Problem statement –
Please take the records that follow and repeat exactly the lines starting with the line with "W Centrum Gdyni Lägenhet *" and going on through the line with "Sipo, kosz na zabawki XXL, Miś, 1 szt.".

Dataset extract –
------------------------------------
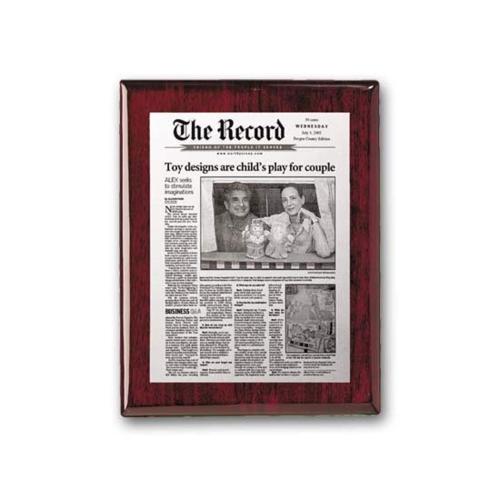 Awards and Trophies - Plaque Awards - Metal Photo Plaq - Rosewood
------------------------------------
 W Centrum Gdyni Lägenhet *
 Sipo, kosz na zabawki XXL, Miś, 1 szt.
------------------------------------
Response area –
 W Centrum Gdyni Lägenhet *
 Sipo, kosz na zabawki XXL, Miś, 1 szt.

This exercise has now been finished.